Up to 50 Labour MPs have been tipped to vote with the Government - including shadow foreign secretary Hilary Benn - resulting in the highly unusual scenario of the two keynote Opposition speeches coming from opposite sides of the debate.

Democratic Unionists and the Liberal Democrats are also backing air strikes, their eight MPs each outweighing the voices of around a dozen Conservatives preparing to defy the party line to oppose action.

But critics of the policy - including the 54-strong Scottish National Party - have been emboldened by criticism of the PM's case from an influential committee and controversy over his claims of 70,000 moderate Syrian forces on the ground.

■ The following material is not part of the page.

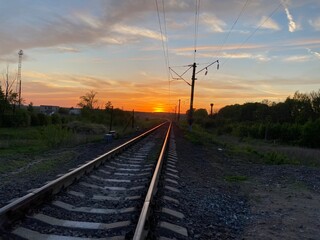 Plakat railway in the sunset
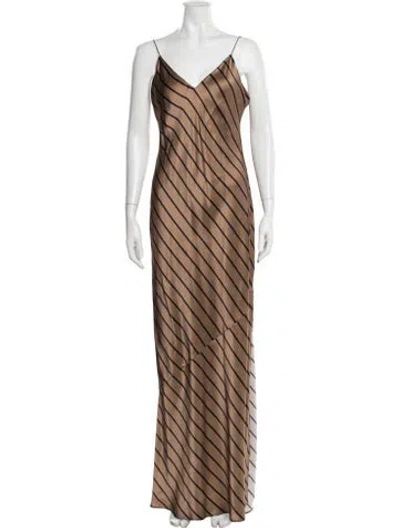 Pre-owned Cami Nyc Silk Long Dress In Brown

Mr Cameron set out his strategy as a direct response to a highly critical assessment by the Foreign Affairs Select Committee (FAC) but it voted by four to three that he "has not adequately addressed concerns" in key areas.

At least 110 MPs from six different parties have already signed up to an amendment seeking to block air strikes - spearheaded by Tory FAC member John Baron and the SNP's Westminster leader Angus Robertson.

A YouGov poll for The Times found public opinion moving against air strikes - with the proportion in favour dropping from 59% to 48% and those against rising from 20% to 31% with undecideds unchanged on 21%.

Mr Corbyn said the case for strikes was "coming apart at the seams" - notably the claim of 70,000 moderate forces on the ground to take advantage of air strikes against IS.

"He knows that opposition to his ill-thought-out rush to war is growing," he wrote in The Guardian.

"On planning, strategy, ground troops, diplomacy, the terrorist threat, refugees and civilian casualties, it's become increasingly clear the Prime Minister's proposal simply doesn't stack up.

"After Iraq, Afghanistan and Libya, MPs thinking of voting for bombing should bear in mind how terrible those consequences can be. Only a negotiated peace settlement can overcome the Isil threat."

However, Mr Hammond said it was essential to take the fight against IS into the extremists' Syrian heartlands from where they plotted to carry out attacks on Britain and the West.